Osborne’s pension raid!!
Taxing the future to pay for the present!!!
The Chancellor’s raid on pension tax relief is “detrimental to economic growth” and a “tax on the future to pay for the present.
George Osborne announced in this afternoon’s Autumn Statement that the annual tax free limit will go from £50,000 to £40,000.
Lowering the maximum annual tax-exempt pension contribution to £40,000 from 2014/15 could discourage higher earners from spending, which would be detrimental to economic growth. Reducing pension wealth, which accounts for more than half the accumulated wealth of the UK’s better off households, could have far-reaching, unintended, negative implications.
In addition, Mr Osborne’s cash-grabbing raid does not only affect the super-rich. It will hit middle income earners who increase contributions to their pension pot later in life, as well as owners of enterprises, which are vital for the UK’s economic growth. High rates of personal tax are damaging to business as they reduce a company’s ability to grow, meaning lower job creation.
The reduction in the tax-free pension contribution allowance limit to £40,000 from £50,000 means that more workers on final salary schemes are likely to get a one-off tax charge if they get a pay rise.

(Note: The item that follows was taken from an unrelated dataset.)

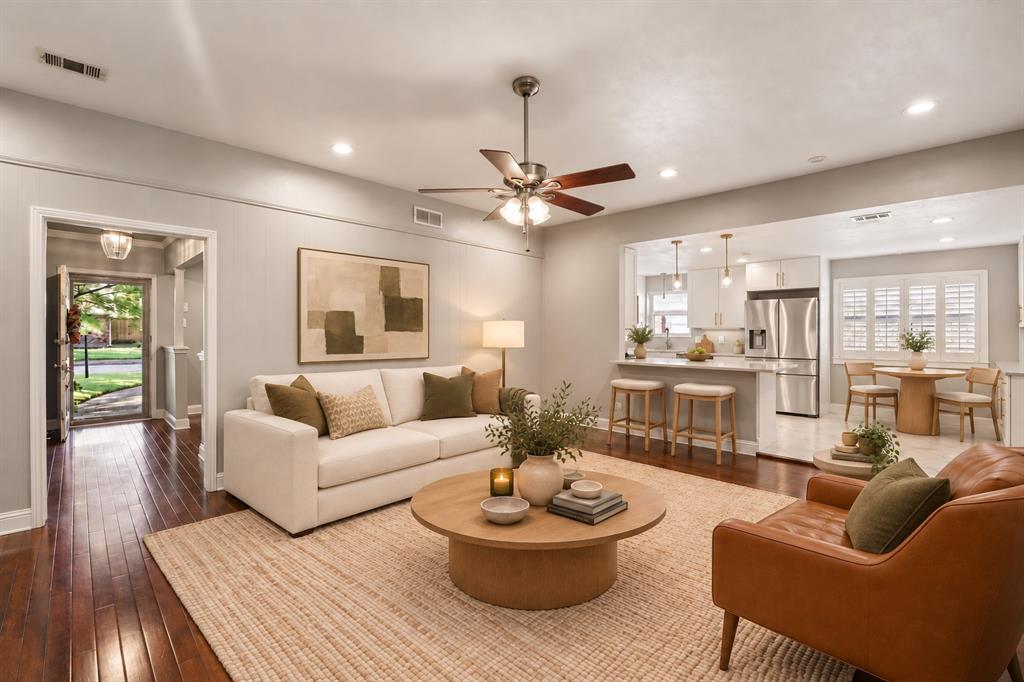 virtually staged living room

Because of the way annual pension contributions are calculated for final salary schemes, someone with 20 years service in a 1/60th scheme are likely to be taxed on a portion of their pension contributions if they receive a pay rise in excess of £7,500.

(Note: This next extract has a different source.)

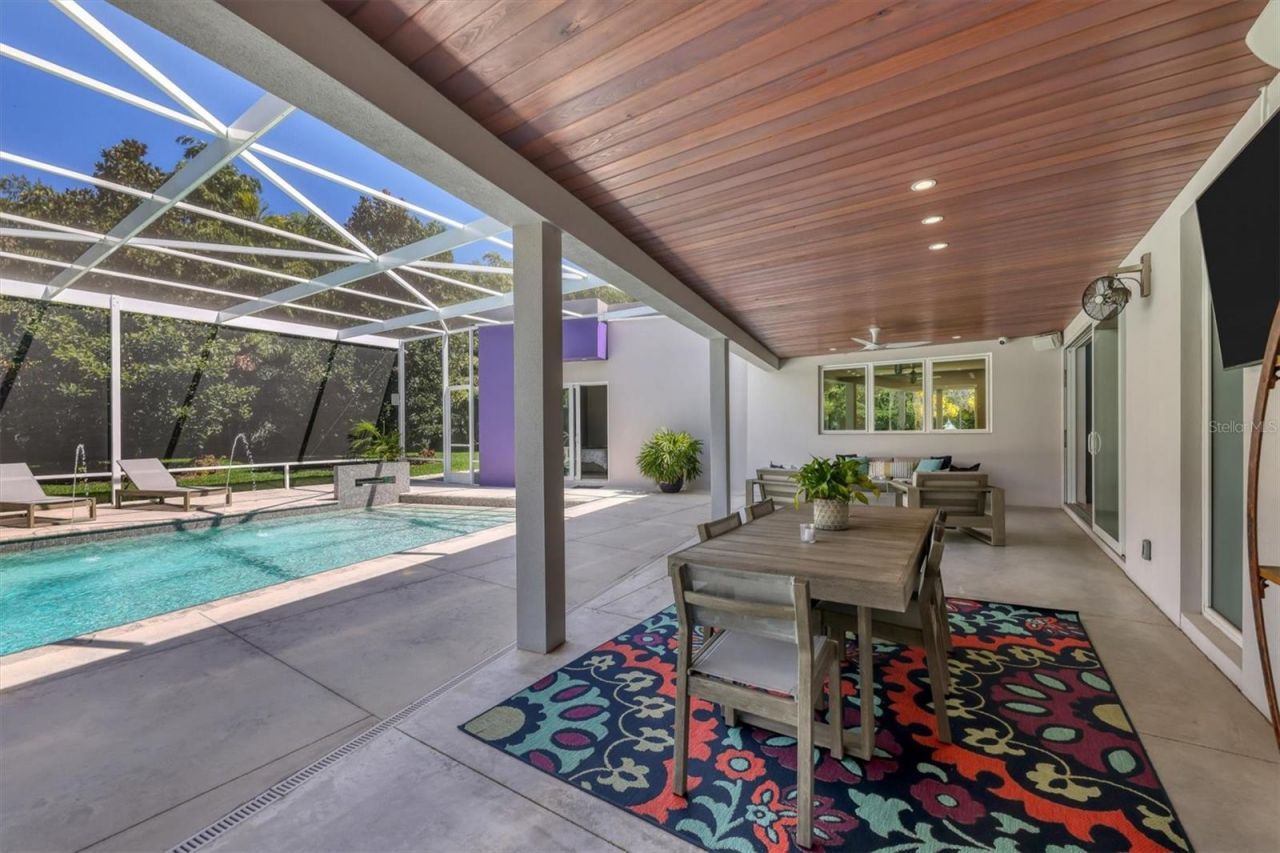 1556 Eastbrook Drive, Sarasota, FL 34231 Photo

Currently, with the tax relief threshold at £50,000, this would not be triggered unless you got a pay rise to the tune of £9,375, so that long-awaited promotion to management could bring with it an unexpected tax hit.
However, workers who get a pay rise will be able to avoid the one-off charge by deploying unused allowances from the previous three years.
The state needs to encourage Pensions in my opinion not discourage them. With an ageing population, the State will be increasingly unable to afford to care for older people in the way it has done in previous generations. This is why it is crucial to revitalise the UK’s savings culture.
Yet by attacking pension tax relief as he has done today, the Chancellor is once again dealing another hammer-blow to an important incentive to saving for retirement – which will deter people from prudently putting money aside for their old age and weaken pension funds. This will cost the country dearly in the future, especially with Britain’s looming care crisis, and will adversely impact individuals.
In short, pillaging pensions, as Mr Osborne has done in today’s Autumn Statement is, in many ways, taxing the future to pay for the present.